Helmut Newton Passato Prossimo Venturo
Vogue, Harper’s bazaar, Elle, GQ, Vanityfair, Play Boy, Max, Marieclaire, Channel, testate mitiche, i loro protagonisti come Gianni Versace, Yeves Saint Laurent, Ava Gardner, Romy Schneider, Catherine Deneuve, Andy Wharol o Margaret Thatcher, Helmuth Khol, Jean Marie Le Pen, Fassbinder, Wim Wenders, una carrellata “impressionata” degli anni Settanta Ottanta che viene sublimata nel ritratto di Charlotte Rampling che ha la forza di una scultura.
Il “mito” che ha iconizzato i miti è Helmut Newton, all’anagrafe Neustäder nato a Berlino nel 1920 da una famiglia ebrea dell’alta borghesia. Il resto è sui libri di storia. Il suo destino è segnato e la fuga dalla Germania hitleriana è la causa primaria della professione che lo renderà famoso.
Ha rivoluzionato il mondo della fotografia e anzi ha accompagnato e forse addirittura impresso un ritmo diverso all’immaginario collettivo sulla donna fotografandola in maniera innovativa e spiazzante.
Ha fotografato la sèconda metà del novecento senza veli, è il caso di dirlo, e sicuramente ha psicanalizzato questo secolo che ha fatto compiere un balzo inconcepibile alla civiltà occidentale, paradossalmente cresciuta nonostante due atroci guerre mondiali devastanti e soprattutto fratricide.
Le sue donne sono forti, almeno all’apparenza, crude, aggressive superbe lontane, perlopiù appiattite sull’icona maschile da cui hanno preso il peggio, dimentiche della loro femminile dolcezza. Errore che l’Universo femminile si porta ancora appresso con la filosofia delle femministe che affrontano a muso duro il “maschile” invece di aprire un dialogo costruttivo. I risultati sono oggi sotto gli occhi di tutti.

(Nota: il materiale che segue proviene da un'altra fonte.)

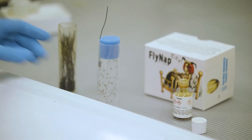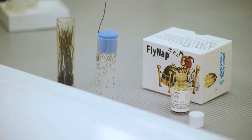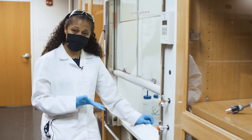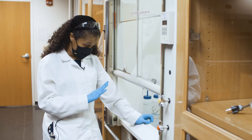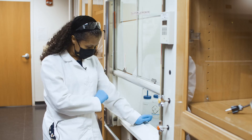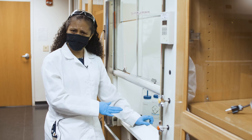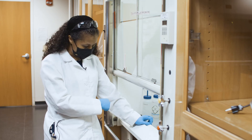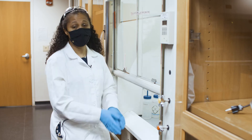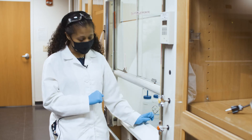Our flies are now being dosed and it usually doesn't take a ton of time for this stuff to kick in. You want to keep an eye out for when they stop moving. As soon as they stop moving, take the wand out. It is very easy to overdose the flies with this stuff, so keep a close eye on them and make sure you get the wand out as soon as they stop moving.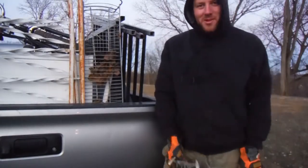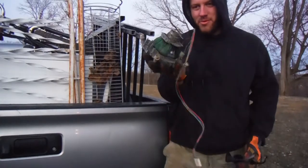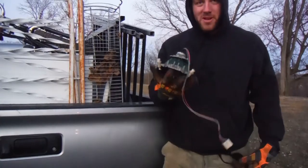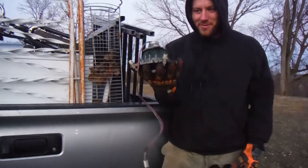I wanted to remake a video about how to take apart these things, mostly because the video I made before is painfully difficult to watch. Now I've got a tripod and I'm getting better at the video stuff, so we're going to take a look at what we got here.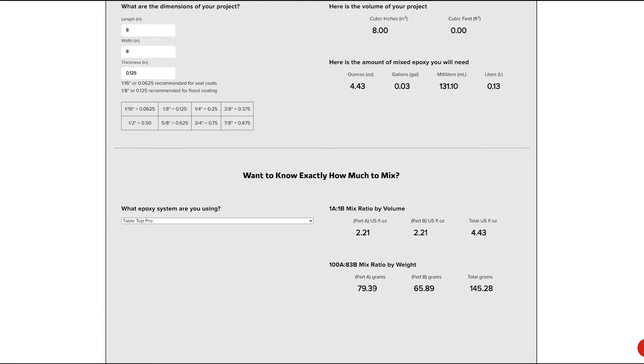If you're measuring in grams and you have a scale, it'd be 79.39 grams of part A and 65.89 grams of part B, totaling 145.28 grams. Measuring by volume is one-to-one for tabletop, and measuring by weight is 100 to 83 — that's because the resin and the hardener have different densities, so they have different weights combined with each other.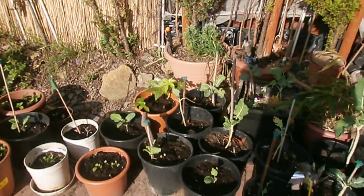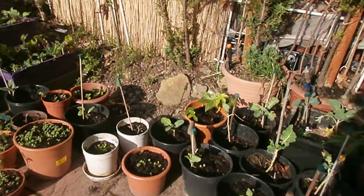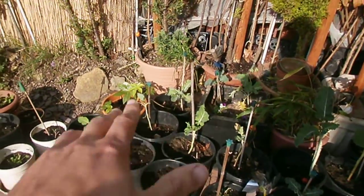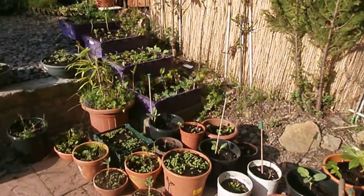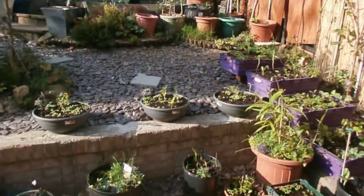There are certain things in the garden this time of year where you want to hold off eating them for a bit. Let the kales, or any of your brassicas and some other bits and bats in the garden, grow so you've got plenty of food over the winter.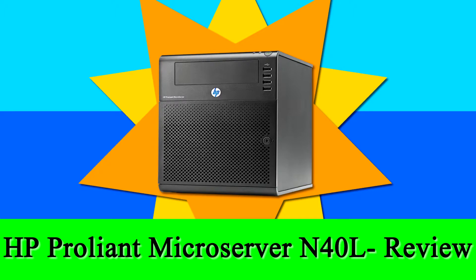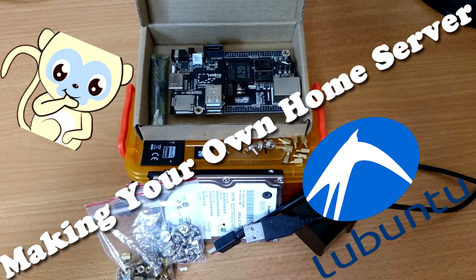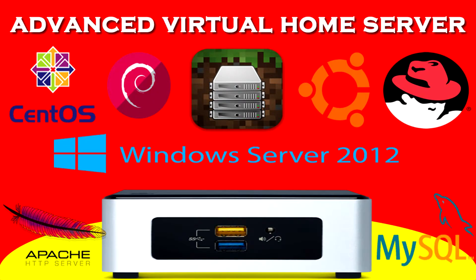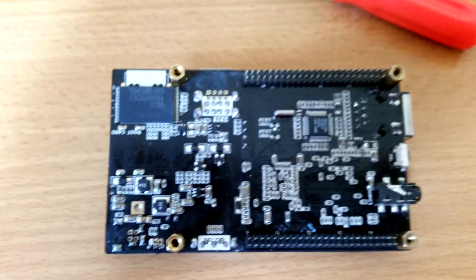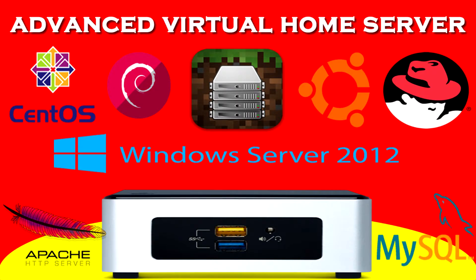It is the only piece of hardware I run which is actually designed to be a server. People who have watched my previous videos will know I did a video on making a silent home server with a CubieBoard and a SATA drive, and more recently making an advanced virtual home server with an Intel NUC. But this piece of hardware is actually designed to be a server — the other two are a single board computer and a PC kit.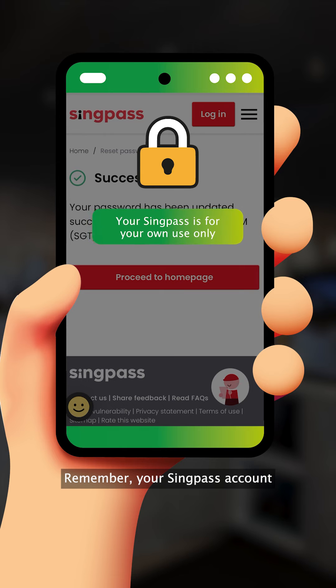Remember, your SingPass account is your gateway to personal sensitive information. Avoid sharing your SingPass credentials with others.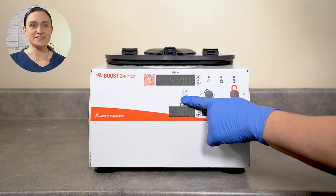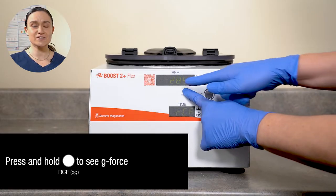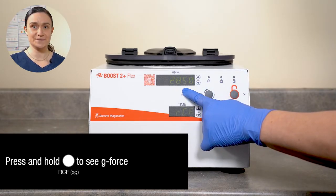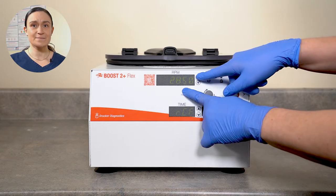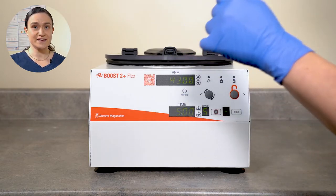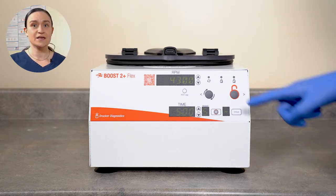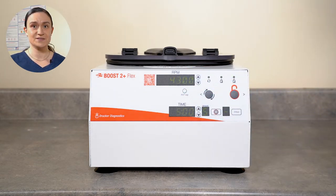Underneath the RPM screen, we have the RCF XG button. Pressing and holding this button will change the number on the RPM screen to instead represent the RCF or XG. When you have the RCF XG button held down, you can use those same buttons to the right of the RPM screen to adjust your speed using G-force instead. Once you release the RCF XG button, the RPM screen will revert back to showing RPMs. If you adjust RPMs, you are inherently adjusting the G-force, and if you adjust your G-force, the RPMs will adjust as well.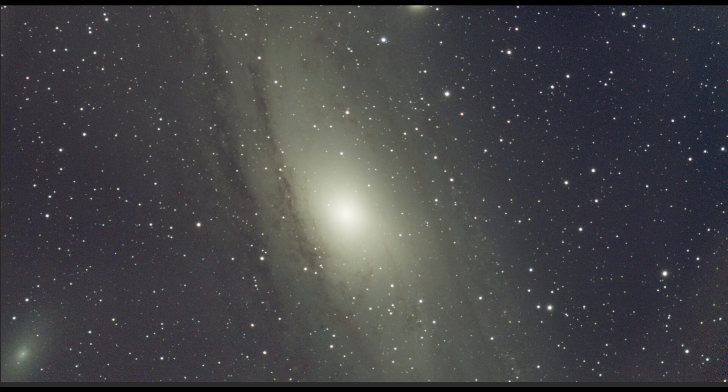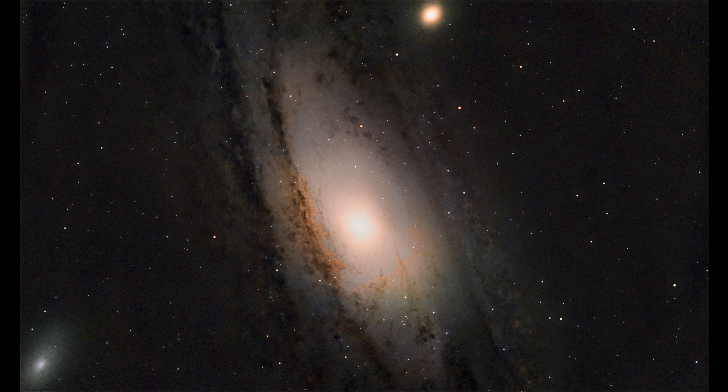The next object we're going to check out is the Andromeda Galaxy. Here is the raw image straight from the Seastar telescope. In the processed image you can now clearly see the huge lanes of dust and gas that circle the central part of the galaxy.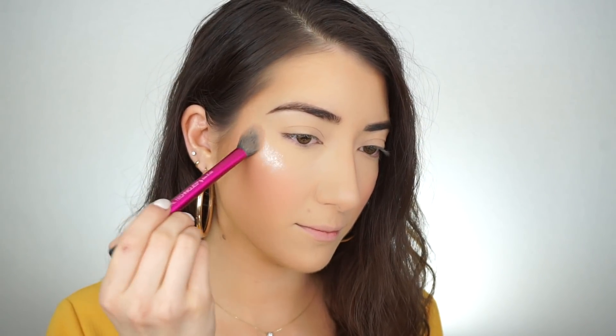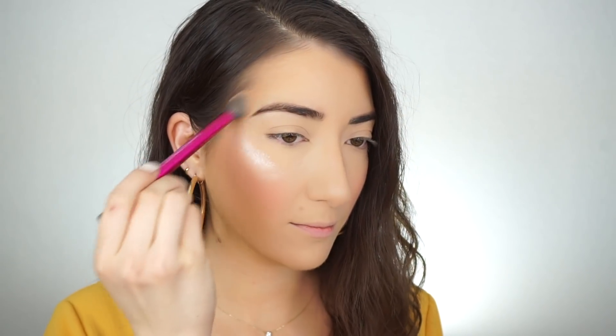My face is done and feels matte, but now I'm going to make it look glowy — this is what gives that lit-from-within glow. I'm using the Iconic London Illuminator in Original, applying it on the high points of my cheeks with my Real Techniques Setting Brush. Then I lightly flick whatever's left over the apples of my cheeks for a beautiful glow, and apply it on my chin, Cupid's bow, and over the arches of my brows.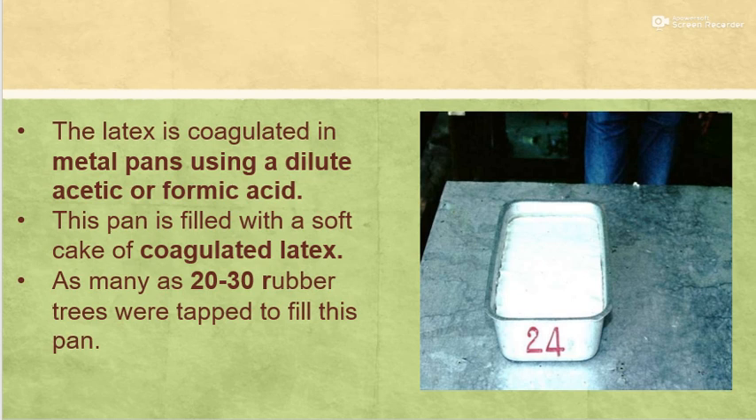After the collection of latex, the latex is coagulated in metal pans using dilute acetic or formic acid. The pan is filled with soft cake of coagulated latex, as many as 20 to 30 rubber trees were tapped to fill this pan.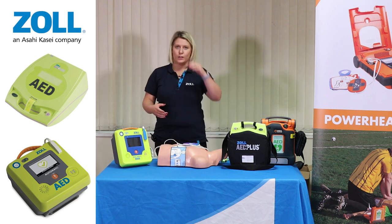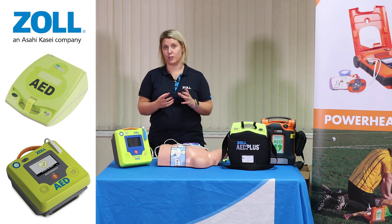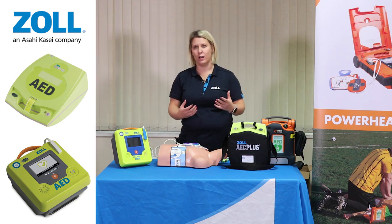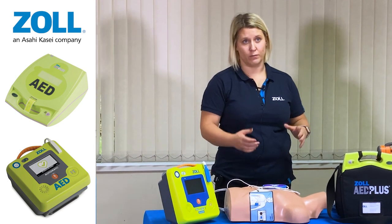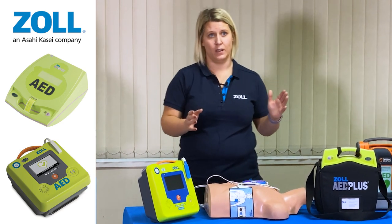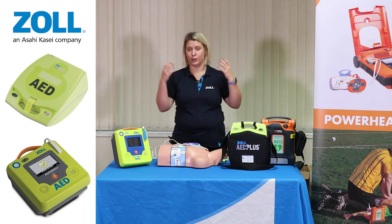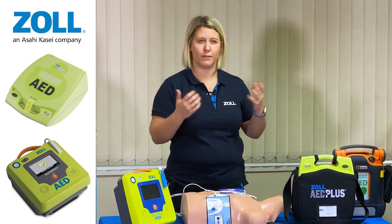What you would also see while using this device is that after the first shock has been administered, we have inbuilt technology called rapid shock. The device will automatically be analyzing to check if there is a shockable rhythm while you're performing CPR, to ensure that when administering the second shock, rather than it being eight seconds from the first shock, it will be between two and five seconds. This ensures we're spending more time on the chest committing to CPR and circulating blood and oxygen around the body, while shocking as quickly as possible in a very safe way.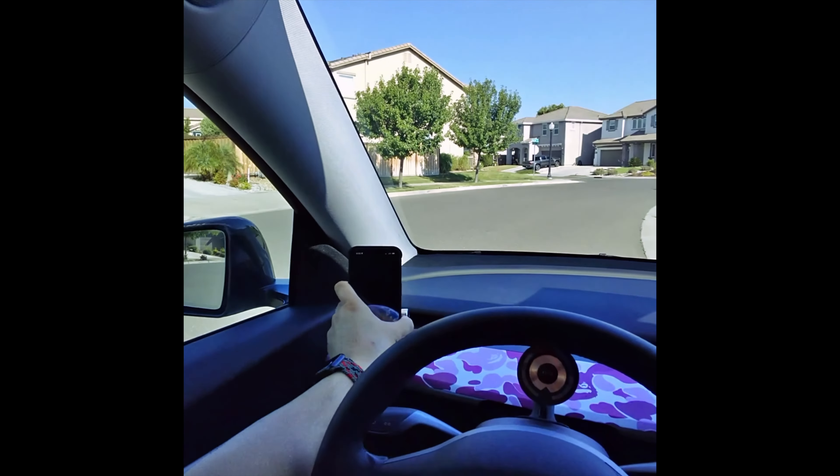I wish the left mount had a built-in charger, but running a wire on the left side is hard. I usually do run a wire — I just took it out to keep it clean for this video. Thanks for watching, please subscribe for more videos on finance, tech, and travel. See you guys in the next one!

Le 220 icone in mostra al Ducale seguono il fil rouge dei tre libri, già editati da Newton stesso: White Women 1976 che gli varrà il Kodak foto book award in cui per la prima volta nudo ed erotismo irrompono nel mondo della moda, Spleeless nights 1978 che trasforma le foto di moda a reportage di scena del crimine, e Big Nudes 1981 ispirato dalle immagini giganti che la polizia tedesca usò per scovare e sconfiggere i terroristi della RAF che afflissero la Germania in quegli anni.
Le sue donne riprese a grandezza naturale sono le protagoniste indiscusse del loro tempo. Non c’è ironia nella sua ricerca, il suo obiettivo scandaglia il suo stesso profondo e ne emerge una visione altra del femminino che di femminile ha poco ma gronda fascino e volenti o nolenti ci trasforma tutti in voyeur sottolinea Denis Curti che con Mathias Hender ha curato la mostra.
Approdata a Genova dopo Houston, Berlino, Roma, Venezia, l’esposizione, frutto del progetto nato da un team di tutto rispetto, Civita Mostre e Helmut Newton Foundation, è magnificamente accolta negli spazi suggestivi del Sottoportico di Palazzo Ducale a Genova. Fino 22 gennaio 2017.